KESSEL beschreibt die Aufgabe einer Hebeanlage für die Kellerentwässerung so, dass sie das Abwasser „sicher und vollautomatisch über die Rückstauebene in die höher liegende Kanalisation“ fördert. Quelle: KESSEL, Hebeanlage Aqualift M, abgerufen am 17.09.2026.

Was an Ihrem Gebäude über die Planung entscheidet

Bevor eine Baugröße überhaupt sinnvoll gewählt werden kann, müssen einige Dinge feststehen:

  • Welche Ablaufstellen angeschlossen werden. Ein einzelner Bodenablauf im Waschkeller stellt andere Anforderungen als ein Keller-WC mit Dusche und Waschmaschine.
  • Welche Abwasserart anfällt. Fäkalienhaltiges Abwasser verlangt eine andere Ausführung als fäkalienfreies. KESSEL führt für die Aqualift M getrennte Varianten für beide Fälle. Quelle
  • Wo die Anlage stehen kann. Freie Aufstellung im Raum oder Einbau in die Bodenplatte sind unterschiedliche Bauformen mit unterschiedlichen Anforderungen an Platz, Zugänglichkeit und Abdichtung.
  • Wie die Druckleitung geführt werden kann. Sie muss über die Rückstauebene steigen und danach wieder mit Gefälle zum Kanal laufen. Ist dieser Weg baulich nicht herstellbar, ändert das die ganze Lösung.
  • Wie viel Abwasser anfällt. Anzahl und Art der Ablaufstellen bestimmen die erforderliche Förderleistung.

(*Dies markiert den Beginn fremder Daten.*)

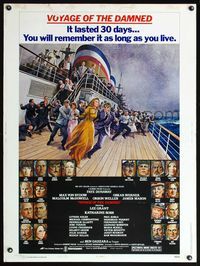 5a756 VOYAGE OF THE DAMNED 30x40 '76 Faye Dunaway, Max Von Sydow, Richard Amsel art!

Diese Punkte hängen zusammen. Pumpenauswahl, Leitungsführung und Abwasserart lassen sich nicht getrennt voneinander festlegen – eine passende Pumpe an einer nicht herstellbaren Leitungsführung nützt nichts.

Nachrüstung im Bestand: erst der Bestand, dann die Anlage

Im Neubau wird die Entwässerung geplant, im Bestand ist sie vorhanden. Deshalb beginnt unsere Arbeit nicht mit der Produktauswahl, sondern mit der Aufnahme: Welche Leitungen laufen wohin, welche Ablaufstellen hängen an welchem Strang, wo liegt die maßgebende Rückstauebene, und wie ist die Leitung erreichbar – freiliegend, über einen Revisionsschacht oder nur über die Bodenplatte?

Bei Umbau und Sanierung lohnt sich diese Aufnahme besonders früh. Solange Estrich, Wände oder Bodenplatte ohnehin offen sind, sind Leitungswege zugänglich, die später nur mit erheblichem Aufwand erreichbar wären. Wird die Frage erst nach der Fertigstellung gestellt, ist die technisch beste Lösung häufig nicht mehr die wirtschaftlichste.

Wie diese Aufnahme abläuft, steht auf der Seite Rückstausicherung nachrüsten.

Betrieb, Zugänglichkeit und Grenzen

Eine Hebeanlage ist ein technisches Gerät mit beweglichen Teilen. Daraus ergeben sich drei Punkte, die zur ehrlichen Beurteilung gehören:

Sie braucht Strom. Eine Hebeanlage fördert mit einer elektrischen Pumpe. Ob und wie ein Stromausfall abgesichert werden soll, ist eine eigene Frage der Planung und hängt von der Anlage und der Situation ab. Eine pauschale Zusage, dass jede Hebeanlage bei Stromausfall weiterarbeitet, wäre falsch – wir machen sie nicht.

Sie braucht Zugang. Behälter, Pumpe und Rückschlagarmatur müssen für Prüfung und Wartung erreichbar bleiben. Wo die Anlage später steht, entscheidet mit darüber, wie aufwendig der Betrieb wird. Diese Frage gehört in die Planung und nicht hinter eine zugestellte Ecke.

Sie braucht Wartung. In welchem Abstand und in welchem Umfang, richtet sich nach der konkreten Anlage und den Vorgaben des Herstellers für genau dieses Modell. Eine einheitliche Frist für alle Systeme gibt es nicht. Was wir dabei tun, steht unter Wartung und Prüfung.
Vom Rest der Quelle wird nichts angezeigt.